Mandatory homeowner associations, meanwhile, can continue operating
without a reserve fund to pay emergency cleanup and other expenses. The
lack of reserves last year forced many associations to impose huge
special assessments on owners.
Over
the past several weeks, Gov. Jeb Bush has signed some condo and
homeowner association bills passed during the legislative session that
ended in May. But he vetoed others, including some pushed by a
well-heeled lobbying group representing board members.
"The vetoes were caused by a united effort by individual owners who
sent huge amounts of e-mails to the governor," said Jan Bergemann,
of DeLand, president of the grass-roots Cyber Citizens for Justice.
Donna Berger, executive director of the Community Association Leadership
Lobby, which is made up of thousands of boards that retain the Becker
& Poliakoff law firm, blamed Bush's staff for the vetoes.
"Apparently a mix-up in the staff analysis resulted in the
gubernatorial veto," she said.
Bush signed new laws that require high-rise condos to have at least one
public elevator capable of operating on a generator for at least five
days after a disaster. The deadline for complying is Dec. 31, 2007. A
second bill reduces from 15 years to 10 years the length of time a condo
owner or association can file suit against the builder for construction
defects.
Bush vetoed one bill -- HB 391 -- that would have brought major changes
to associations. He said he agreed with some provisions but had
"serious concerns" with other parts, so he vetoed it all.
He agreed with a provision that would have made it easier for homeowner
associations to maintain reserves, but he disagreed with extending from
2014 to 2025 the date that condos must put in sprinklers. He called that
an "unacceptable safety risk."
He also disagreed with a provision that would have forced owners of
houses in homeowner associations to go to court to resolve disputes
instead of continuing to mediate. Mediation, generally done without
attorneys, is considered quicker and less costly.

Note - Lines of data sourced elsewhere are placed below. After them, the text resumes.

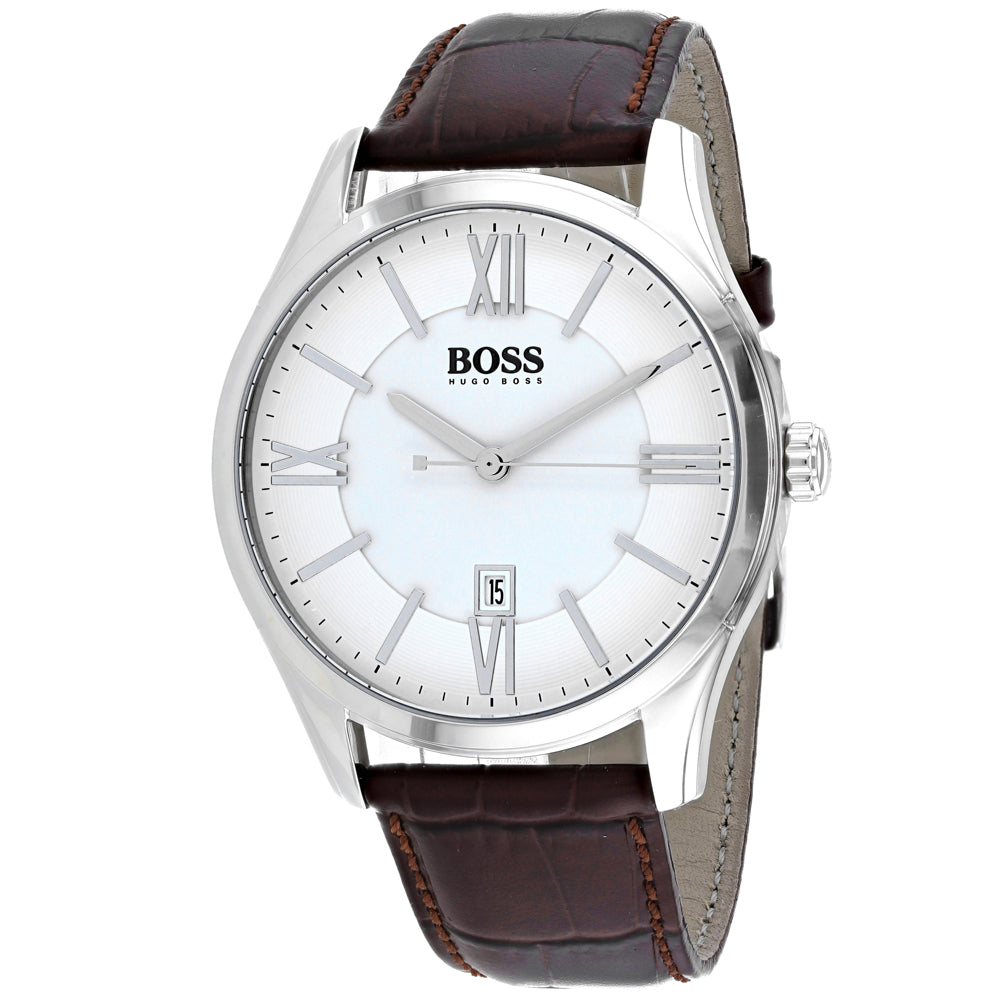 Hugo Boss Men's Ambassador White Dial Watch - 1513021 — Accuratime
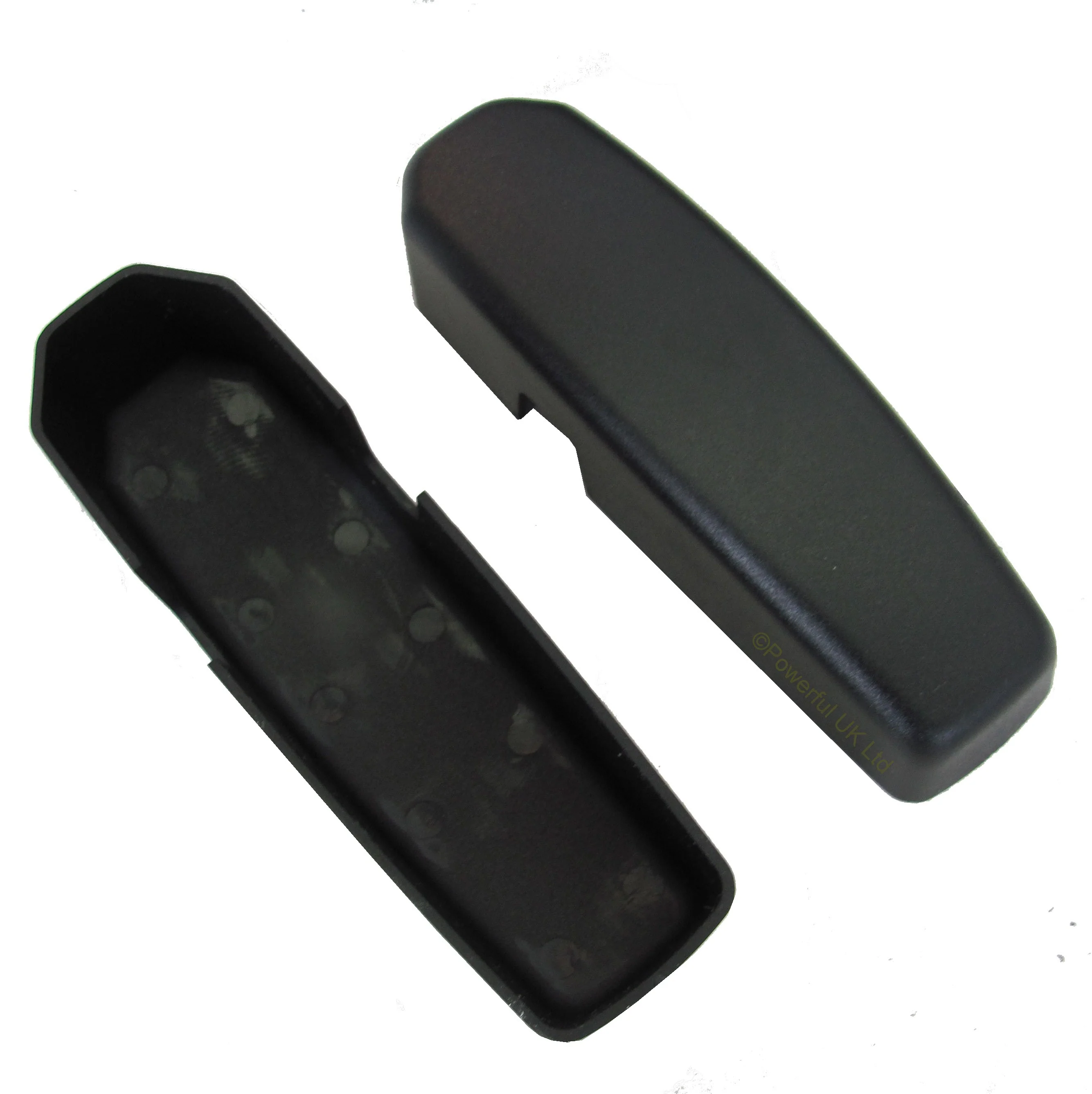 Windscreen Bracket Protector Covers - Black Plastic - for Land Rover Defender - Image 3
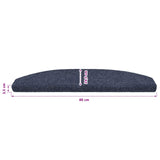 Self-adhesive Stair Mats 15 pcs Blue 80 x 24.5 x 3.5 cm 42038669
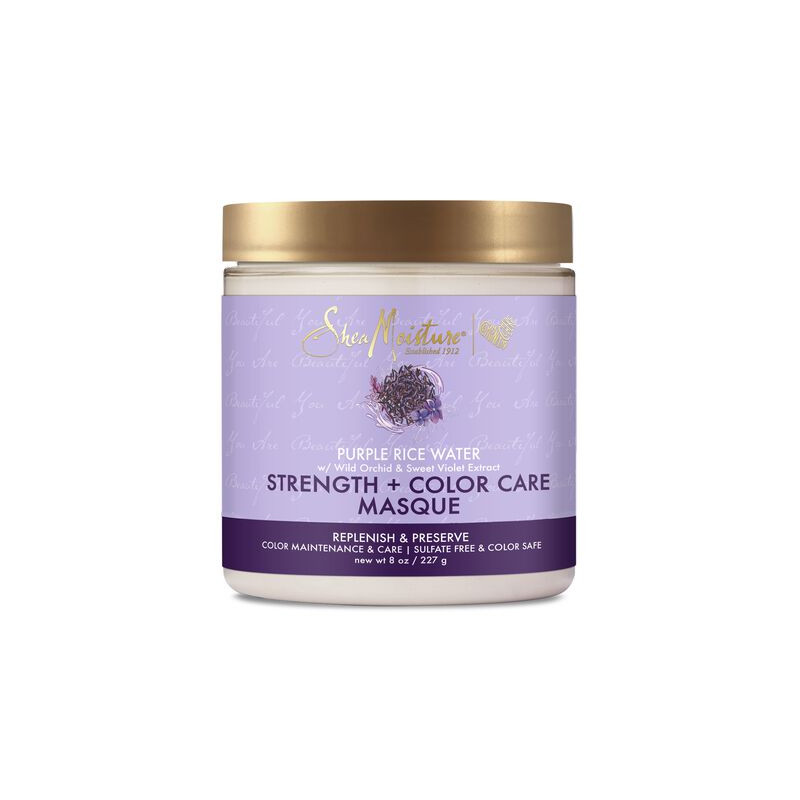 Shea Moisture Acqua di Riso Viola Maschera Forza + Cura del Colore (227g)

Another bill Bush vetoed -- SB 1556 -- would have made it easier to
terminate a condo association, sell the property and split the proceeds
after a natural disaster. The changes were designed to prevent having to
operate a damaged building when it would be an economic waste. Existing
law requires 100 percent of owners to agree to the termination; the bill
lowered that to 80 percent.
Bush said the bill "goes too far" and "could deprive
condominium unit owners of their rights to remain in their units without
adequate procedural safeguards."
In a surprise move, in one of his veto messages Bush suggested the state
protect owners in mandatory homeowner association communities at a level
equal to condo owners. Creating parity, he conceded, could be
complicated because the Legislature two decades ago decided it wanted
homeowner associations to be free of the stringent regulations it placed
on condos.
State condo law is 93 pages, compared with 30 pages for the homeowner
law.
Bush also said the state should consider combining laws for all
"common interest communities," which include homeowner
associations, condos, co-ops and timeshares. Now, a different state law
with different requirements regulates each. He ordered the state
Department of Business & Professional Regulation to recommend by
Oct. 1 whether they should be combined.